"""

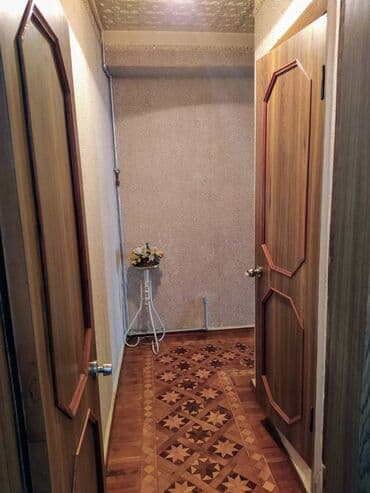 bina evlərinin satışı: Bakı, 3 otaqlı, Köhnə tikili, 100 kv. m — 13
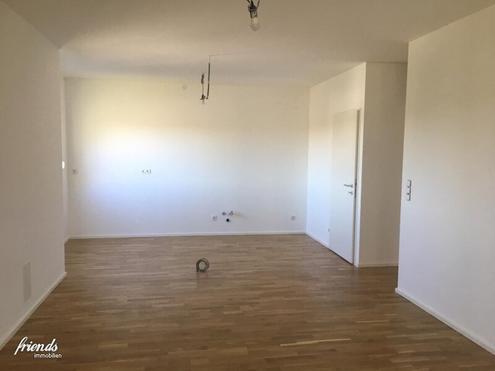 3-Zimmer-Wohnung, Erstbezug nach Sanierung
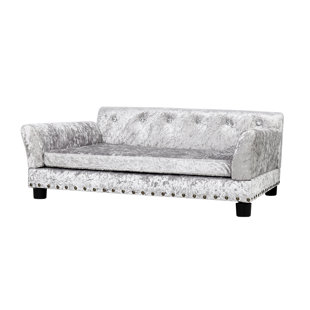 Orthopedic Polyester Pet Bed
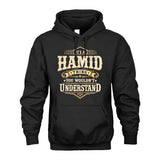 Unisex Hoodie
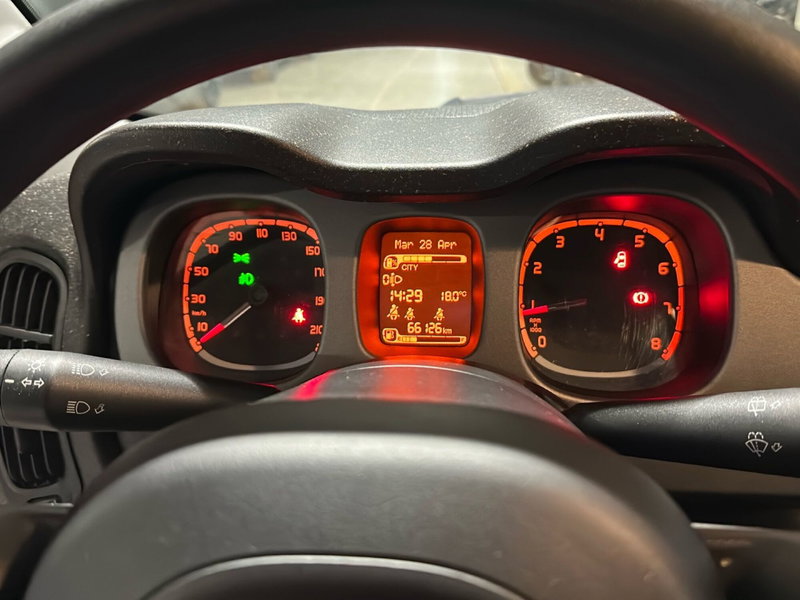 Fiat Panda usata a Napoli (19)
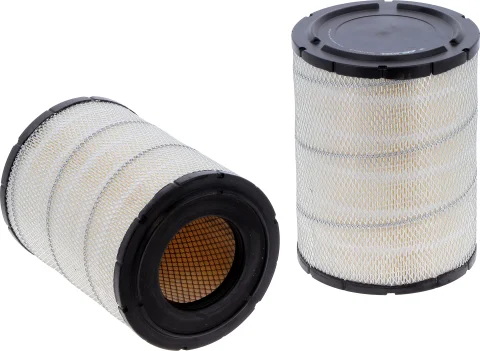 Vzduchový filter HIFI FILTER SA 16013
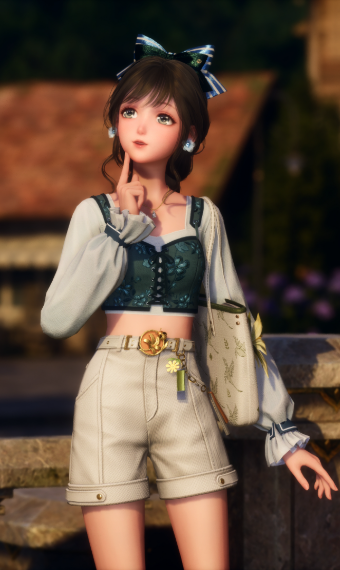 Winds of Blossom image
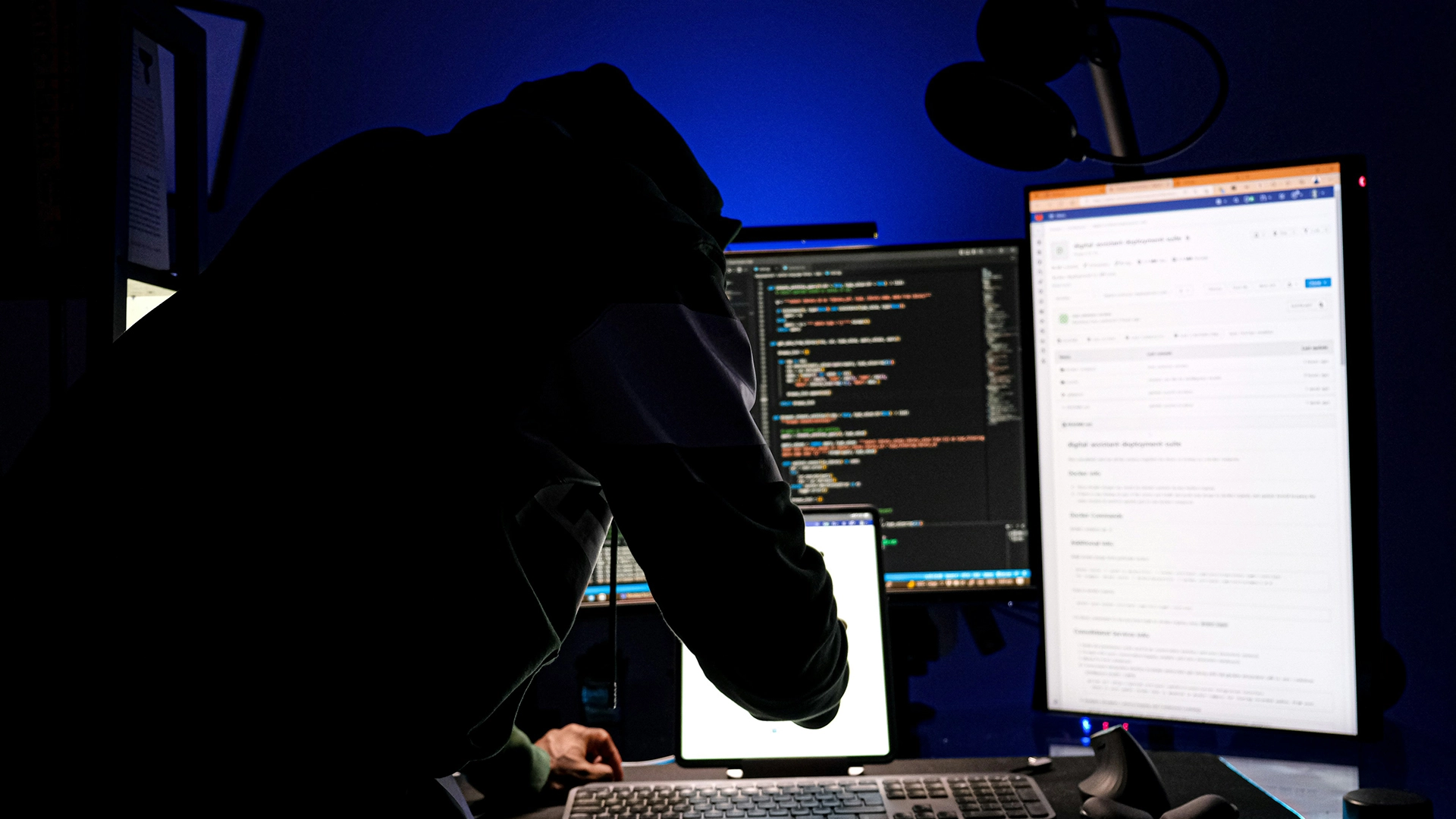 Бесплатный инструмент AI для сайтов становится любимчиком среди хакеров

"""

### Action item
Drop the pictures; repeat the listing above exactly.

### Solution to this exercise
 bina evlərinin satışı: Bakı, 3 otaqlı, Köhnə tikili, 100 kv. m — 13
 3-Zimmer-Wohnung, Erstbezug nach Sanierung
 Orthopedic Polyester Pet Bed
 Unisex Hoodie
 Fiat Panda usata a Napoli (19)
 Vzduchový filter HIFI FILTER SA 16013
 Winds of Blossom image
 Бесплатный инструмент AI для сайтов становится любимчиком среди хакеров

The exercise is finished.